What would art look like if it were rooted in Indigenous values of connection rather than capitalist metrics of success? In many Indigenous worldviews, art is inseparable from ceremony, healing, and relationality. It is not a product; it is a practice. It is woven into life itself. By contrast, settler-colonial societies have framed art as something you must be good at, something to monetize, something judged by its output rather than its process. It is this violence, the policing and commodification of creativity, that this work critiques.
Each poster in the series carries touches of graffiti, intentionally. Real graffiti, to me, is one of the last unregulated art forms. It is not hung in galleries, does not win awards, and cannot be sold or preserved. It is made in public, for the public, until it is erased. Graffiti is honest. It is how people reclaim space. It is how they declare: I was here. I made this. This series honours that same spirit.
One poster simply states: “Art is Everywhere.” It is a refusal of the notion that art only exists in museums or theaters. Art is in the streets, in backyards, in side alleys. It lives in your cousin’s playlist or your grandmother’s quilt. It is not new, but we have been made to forget it.
Another, titled “The Cost of Breath,” pulls the language of capitalism into something intimate. It critiques how even rest, expression, and movement have been commodified. To dance, to sing, to breathe fully sometimes feels unaffordable. The poster imagines a world where breath and movement are birthrights, not luxuries.
“What the Museum Forgot” addresses institutional erasure. Museums are often framed as protectors of culture, but they also decide whose culture matters, whose stories are remembered, and whose artifacts are displayed, and whose are stolen. This poster calls attention to what is often left out: the street, the kitchen, the body. It reminds us where art lives when no one is watching.
The poster featuring a stage, “You are Already In,” is set not in a traditional venue but in a forest. No walls, no doors, no gates. Its text reads: You are already in. Art will never be exclusive. In smaller type: Bring your whole self and nothing less. No dress code. No entry fee. Bring you, your grief, and your joy. Admit everyone. This is a reminder that belonging is not earned, and that you do not need to be good to be allowed to create.

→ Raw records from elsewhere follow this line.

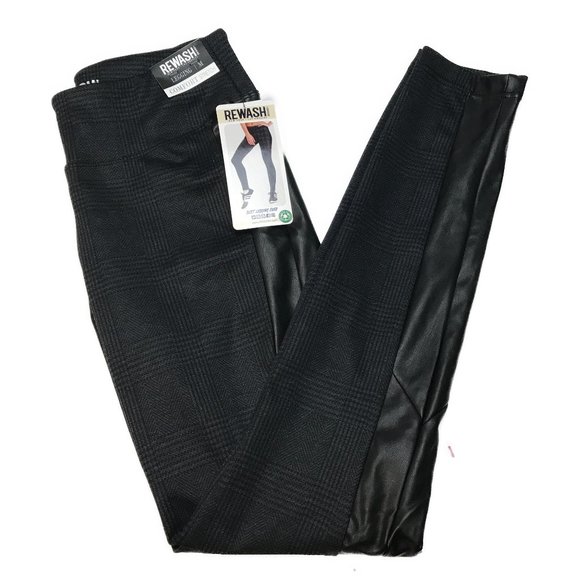 Rewash Brand Comfort Stretch High Rise Black and Gray Legging Size Medium - NWT - Picture 1 of 5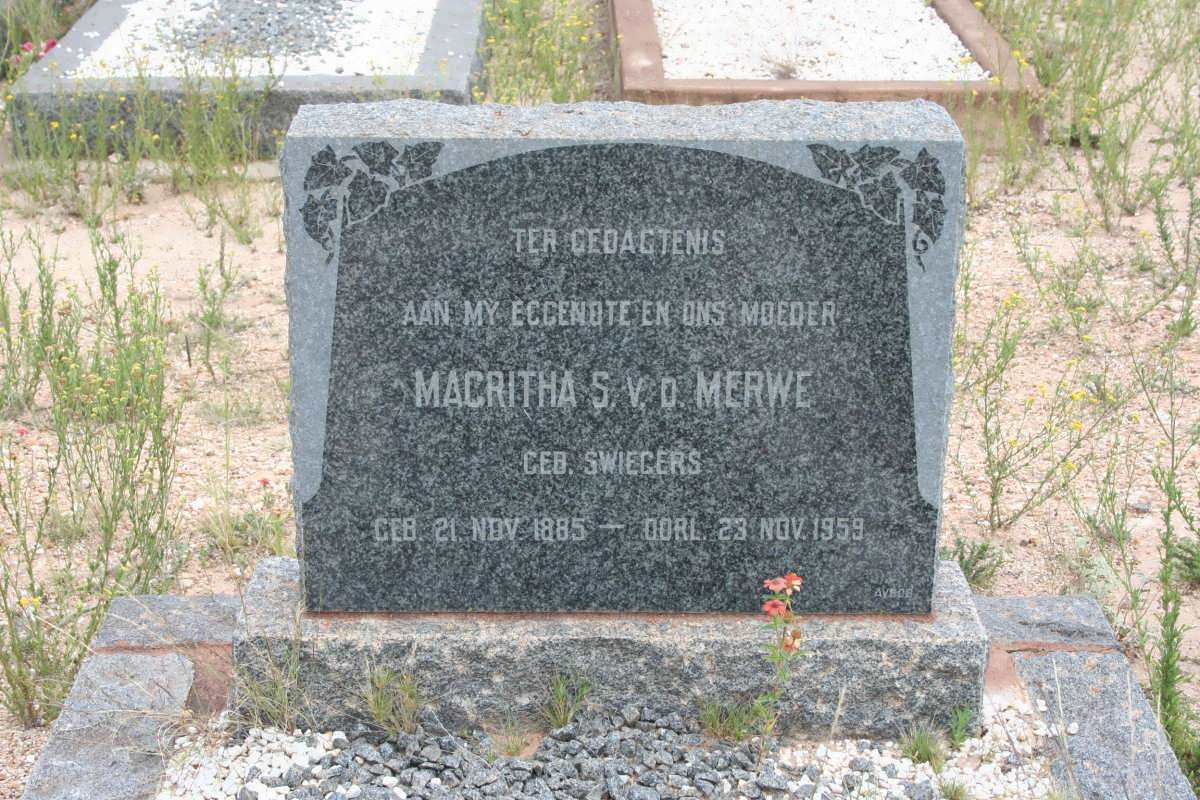 MERWE Magritha S., v.d. nee SWIEGERS 1885-1959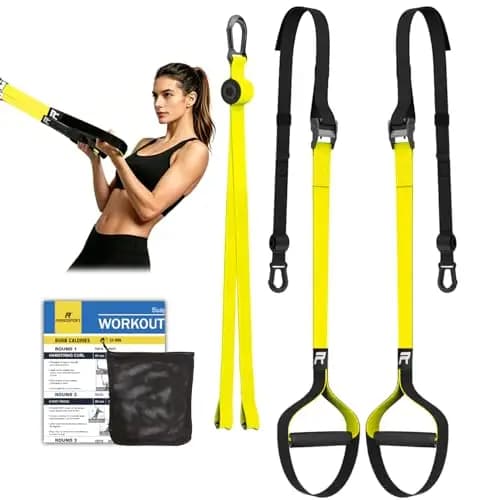 RHINOSPORT Juego de Entrenamiento de suspensión con Anclaje para Puerta Ajustable para Gimnasia en casa Adecuado para Viajes y para el Entrenamiento en Interiores y Exteriores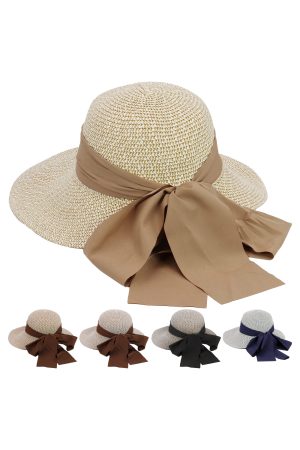 Mix Grain Straw Satin Ribbon Dome Derby Sun Hat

Together, the posters form a vision: a return to open art, a rejection of gatekeeping, a world where creation is communal again rather than commodified.

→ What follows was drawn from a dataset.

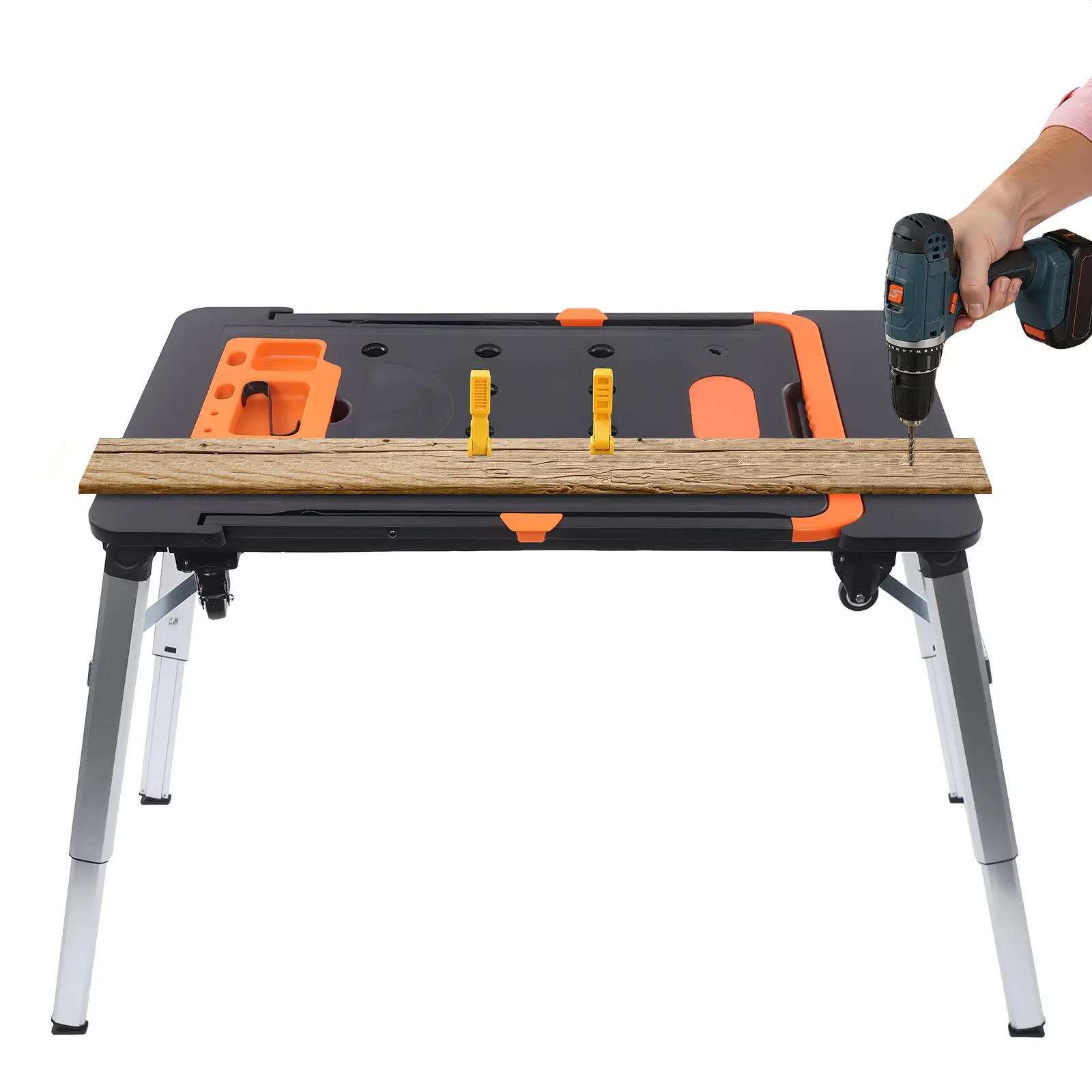 7-in-1 Height-Adjust Foldable Multifunctional Desk Work Platform, Rolling Workbench-Scaffold Sawhorse with Tool Tray, Ruler, Wheels, 330.69 lbs & 551 lbs Load Capacities, Tool Storage for DIY Home Projects, Shopping Cart Foldable, Home Garage Gift, Abs, P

To those who sing in kitchens. To those who dance in bedrooms. To those who draw without ever showing anyone. This project is for you. The ones who never got the title of “artist” but have always held the practice.
Admit Everyone closes not with a conclusion, but with a return: a return to land, to community, and to the parts of us that knew how to create before we were told it had to be good, useful, or marketable. This poster series is a gentle push toward remembering that art has always belonged to the people. If we are imagining the end of the world, let it be the end of exclusivity. Let it be a beginning instead, one where we all get to create again.